Parenting stress is an adverse psychological reaction to the demands of being a parent. Parenting stress can be generated from a range of factors, such as the child’s poor social skills, behavior or attention problems and emotional dysregulation, and parent related factors, such as social isolation, disagreements with one’s spouse or grandparents (May et al. 2015; Naomi Ornstein and Alice 2008; Gong et al. 2015). Studies showed that parents of children with ASD reported significantly more stress than parents of children without ASD and other disabilities (Brei et al. 2015; Falk et al. 2014; Naomi Ornstein and Alice 2008). It is well known that parenting stress has a great association with negative outcomes, including parental depression and anxiety, marriage problems, family functioning difficulties and lower parental physical health (Falk et al. 2014; Maxted et al. 2005). High levels of parenting stress can result in a decreased ability to implement important interventions that could benefit their child (Huang et al. 2014). Chinese parents of children with ASD, in particular, are reported to face higher stigma and to experience more internalization and self-blame than parents in the west (Zheng and Zheng 2015). Understanding what contributes to parenting stress will lead to more targeted interventions to support families and their children. It will also help to find ways to mediate or moderate parenting stress to relieve their mental pressure and facilitate positive family functioning (Hayes and Watson 2013).

Social Support

Social support is defined as the provision of physical, emotional, informational, and instrumental assistance that an individual perceives from their social networks (Cobb 1976; Lu et al. 2015). Social support encompasses a multitude of social interactions with one’s spouse, extended family, friends and others (Siklos and Kerns 2006). Previous studies have found that parents of children with ASD in developing countries are under more pressure than those in developed countries, partly due to the lack of a social support system (Xiong et al. 2010). Thus, these parents are more likely to experience a sense of social isolation and prejudice, and they may be more reliant on support from family and friends.

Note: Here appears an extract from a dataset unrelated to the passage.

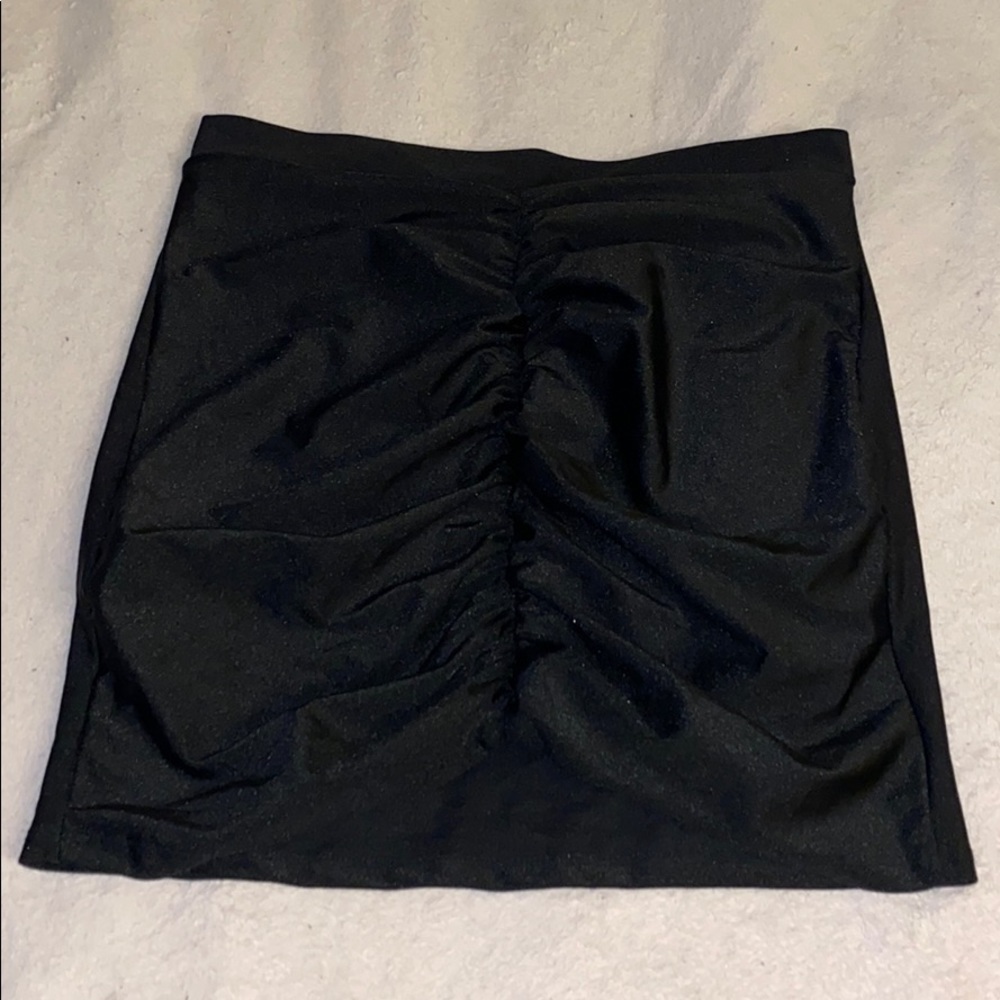 Ruched black skirt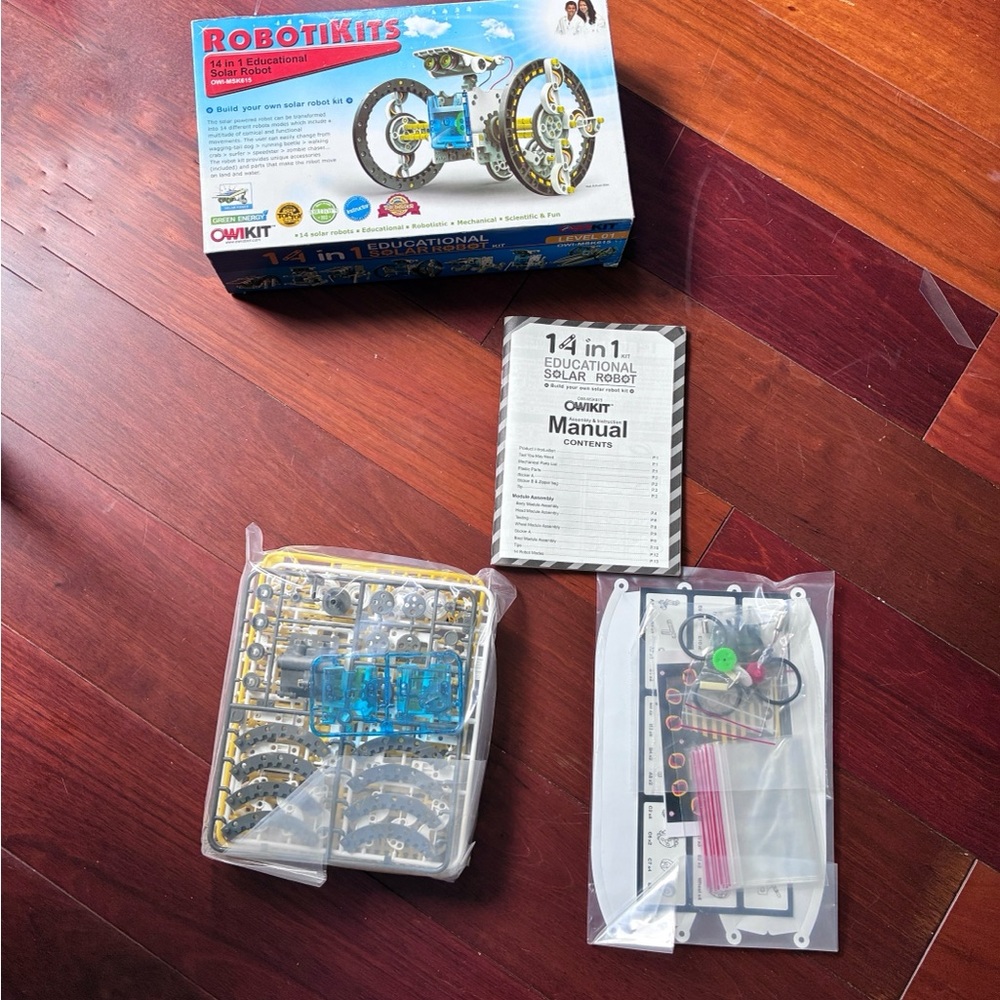 14-in-1 Solar Robot Kit - Blue, Yellow, White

According to Folkman and Lazarus’s general model of stress, stress results from the interaction of individuals with their environment, if individuals’ living environment is either maladaptive or cannot meet the new demands, the stress will appear or increase (Folkman and Lazarus 1985). Among the multiple factors that decrease stress and increase well-being, social support has received widespread attention, yet a more complex picture of the relationship between social support, parenting stress and life satisfaction in Chinese parents of children with ASD has to be clearly drawn (Tu and Yang 2016). A number of studies have identified social support as a significant predictor of parental mental health. Also, it has been documented that social support is associated with lower parenting stress and higher life satisfaction (Falk et al. 2014; Lu et al. 2015; Gong et al. 2015). However, whether social support can mediate and (or) moderate the association between parenting stress and life satisfaction in parents of children with ASD remains uncovered.

Aims

Although awareness of ASD has recently increased in China, we still do not know the parenting stress, social support and life satisfaction of families who have a child with ASD, nor do we know the links among these variables.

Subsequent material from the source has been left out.